Sounds like my Sugar...she loves playing soccer with her food...

But you are very brave to wear a dark shirt with a light kitty, it makes my shirts really really hairy! :wink:


----------



## Jeanie (Jun 18, 2003)

I have almost always had a white cat (and black, or course!) and a collie. Navy blue and black skirts and slacks seemed to turn two-toned overnight! :wink:


----------



## ForJazz (Dec 30, 2003)

Yeah me too. I have a shaded cat and a smoke cat -- that means that each hair on their bodies is part white, part black/grey. So no matter if I wear white or black -- you see kitty hair all over me! :shock: :?


----------



## greyhoundmom (Feb 24, 2004)

I can't see the pictures! )))


----------



## KerriKitty (Feb 10, 2004)

Sorry Greyhoundmom, my web server is down at the moment.
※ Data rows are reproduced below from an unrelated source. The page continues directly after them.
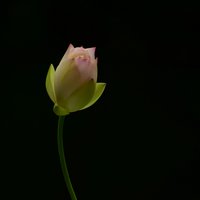 张长弓853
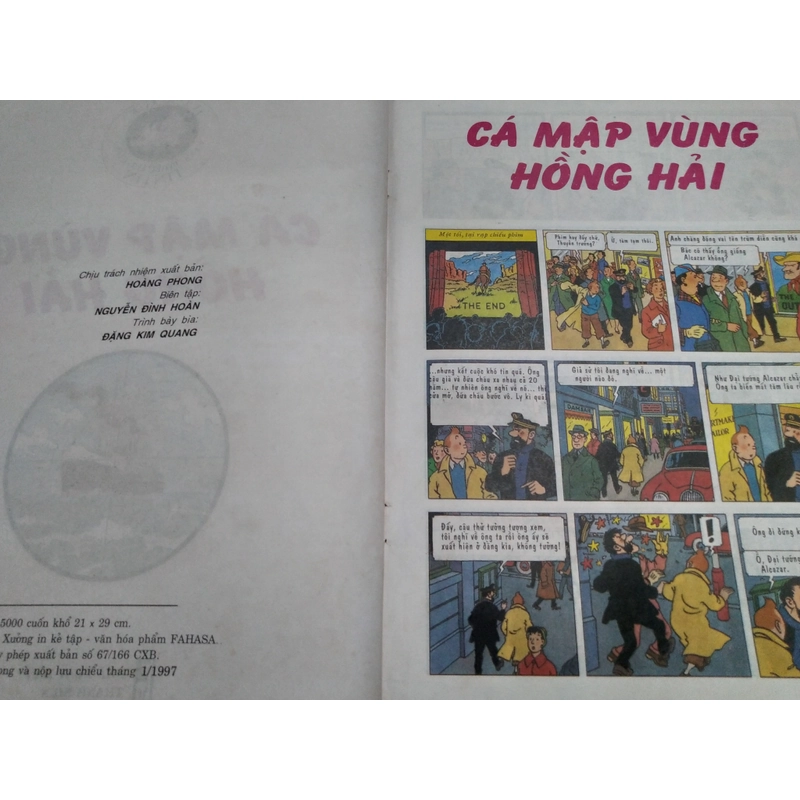 Tintin cá mập vùng hồng hải  502877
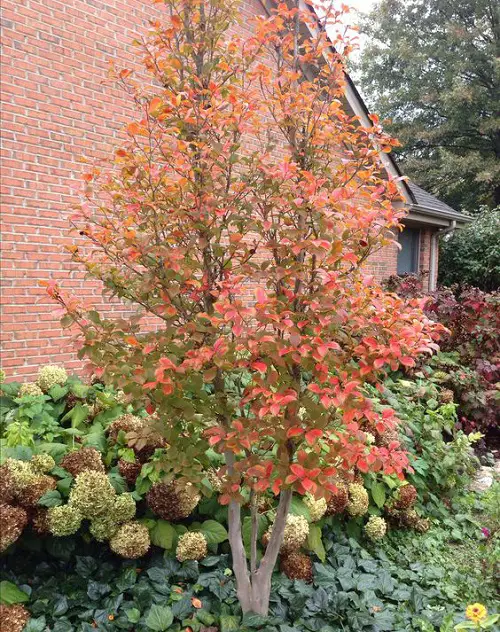 colourful Trees That Start With S 31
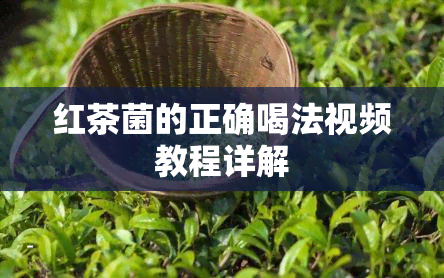 红茶菌的正确喝法视频教程详解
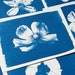 see more listings in the Cyanotype stencils section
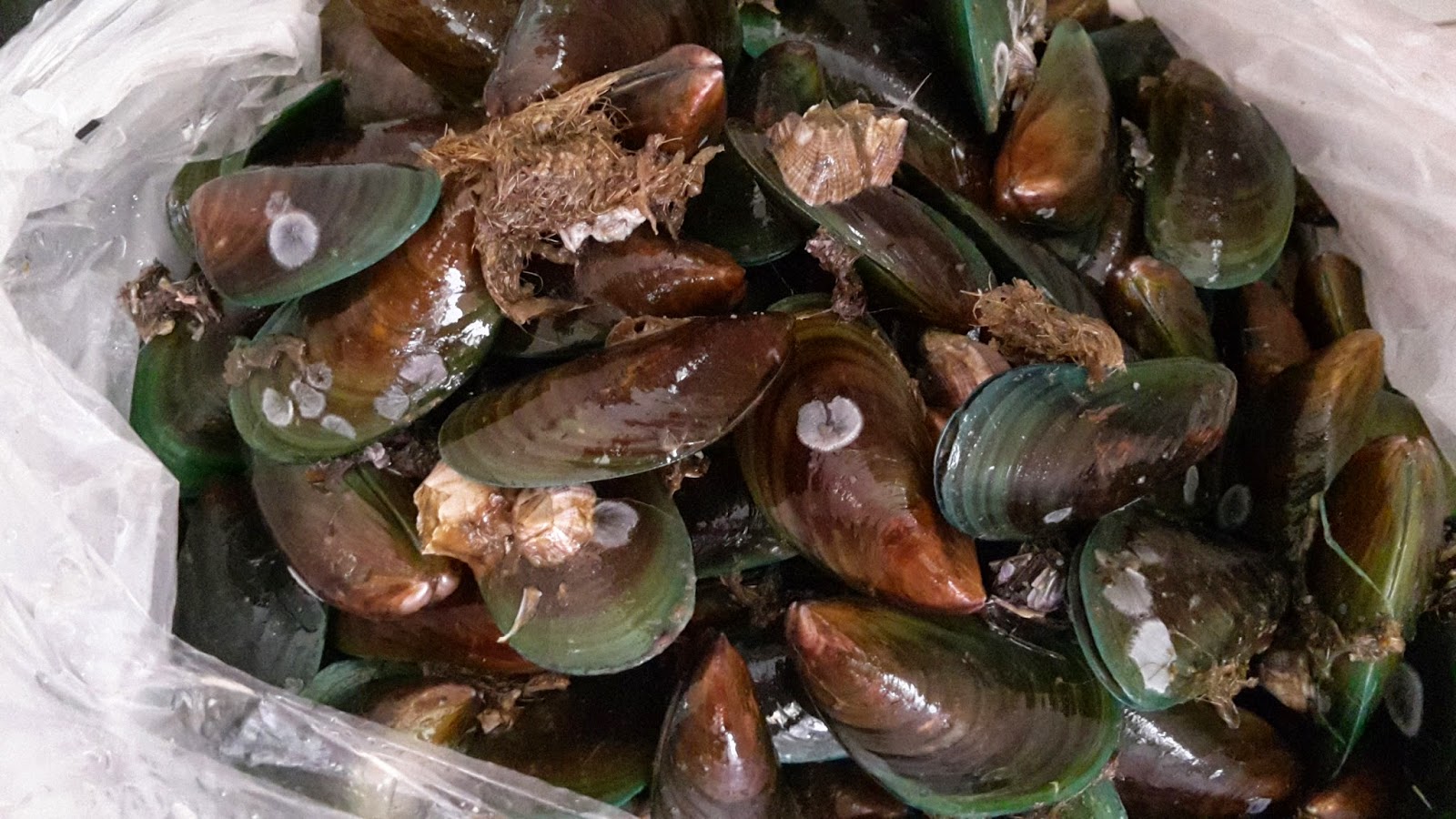 Exploring Cavite by Julz Fresh Tahong at Talaba sa Sineguelasan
I have newer pictures of them here, though: http://public.fotki.com/MizKerri/the_kitties


----------



## kitkat (Sep 22, 2003)

Its funny b/c today my manager was wearing an all black cotton shirt and I was amazed how there was no cat hair on there. But then again I realized that he didn't have pets..... :wink:


----------



## KerriKitty (Feb 10, 2004)

Hehehe....oh trust me, after I took those pictures, I was furry!! Luckily I wasn't going anywhere that day so no need to change. I used to fret over fur on my furniture and clothes years and years ago when I got my first cat, but these days I've just come to accept that it is a part of life!


----------



## moonkitten (Mar 8, 2004)

Awww! What sweet babies  I hope to see more photos of them. I miss the smell of kittens.


----------



## faile (Sep 14, 2003)

what pretty kitties!!! gimme!! :lol: 
they look so soft and fuzzy...


----------